Saturday, October 16, 2010

Thinking about my appendix

Fairly famously, Russell thought that you could only have singular thoughts about things you were directly acquainted with. For Russell this meant you could only have singular thoughts about your present experiences and maybe yourself. Nobody thinks that anymore, but we do mostly agree that Russell was on to something. If there’s a guy in Wisconsin called Hank that I’ve never met, I can’t think about him because I don’t know about him. I can wonder generally about whether there’s a guy called Hank and he’s happy, but I can’t wonder whether Hank himself is happy. I can’t think about people I don’t know about (in the relevant sense of ‘know about’).

Now, I’ve never seen my appendix, and hopefully I never will. I don’t even really know where it is. I can’t feel it, and I’m not aware of it doing anything. But I’m pretty sure I can think about my appendix. I can wonder where it is, what it looks like, and whether it’s one day going to kill me.

One explanation for my ability to think about my appendix is that I know I’ve got one, and only one. If I’m acquainted with something, and I know it’s got one and only one of something, then I can think about the second thing via the first. I know about Russell and I know he had exactly one mother, so I can think about Russell’s mother via Russell. That doesn’t sound too crazy a result.

It does come out awfully permissive, though. Presumably my red blood cells are all slightly different sizes, so I’ve got exactly one largest red blood cell, so I can think about that. In the same way I can think about the oldest man in Hawaii, the first child born in the 22nd century (who Kaplan called ‘Newman I’), the centre of gravity of the Pacific Ocean and other such tenuous acquaintances. In fact I can think about the satisfier of any definite description I know to be satisfied, through my acquaintance with the world. I can think about the shortest spy, even if the shortest spy is an alien on another planet.

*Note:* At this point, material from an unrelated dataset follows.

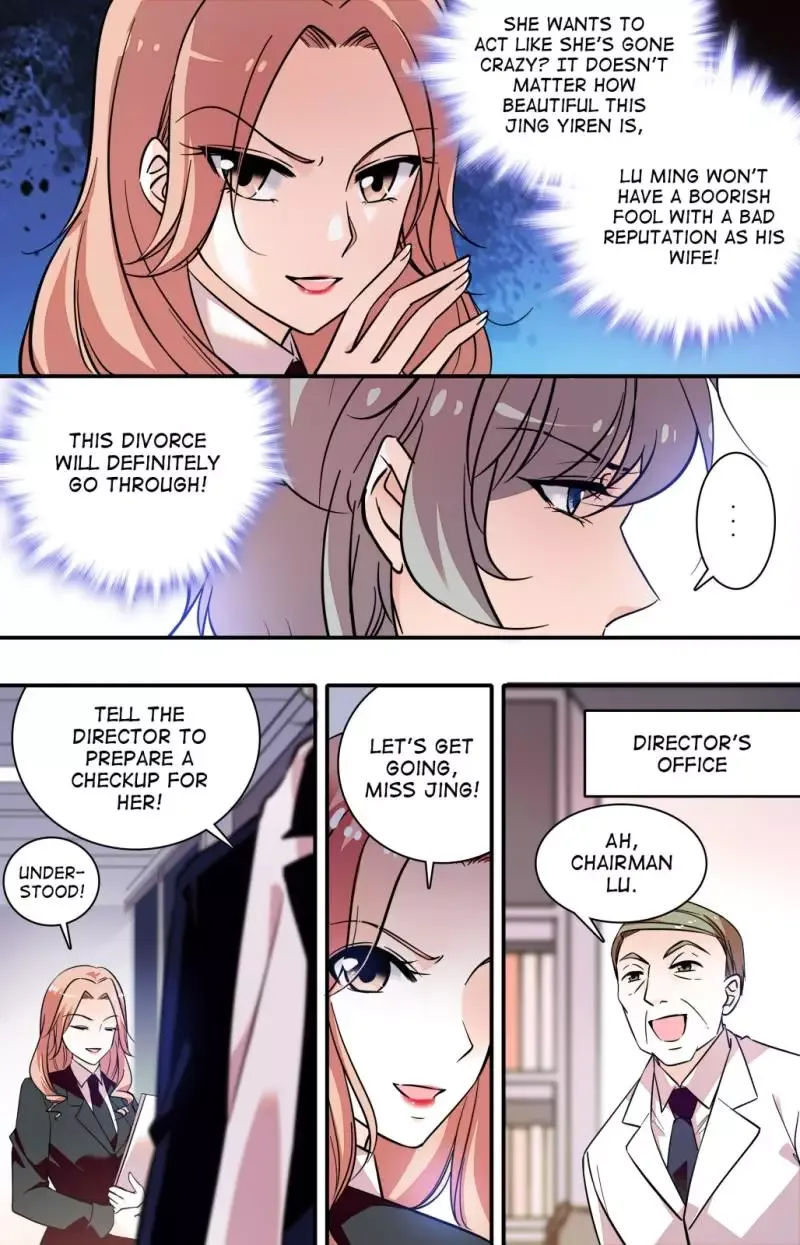 Sweetheart V5: The Boss Is Too Kind! Chapter 2 page 6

Now you can say that in these cases only the thing I’m acquainted with directly sits in the content of the thought, so when I’m thinking about the shortest spy I’m really just thinking about the universe or spies in general, and when I’m thinking about Clinton’s mother I’m really just thinking about Clinton and mothers in general. Perhaps that’s right. But then I never really think about my appendix either. What I’d like to do is find a principled way of drawing the line somewhere between my appendix and the shortest spy, and I don’t know how to do that.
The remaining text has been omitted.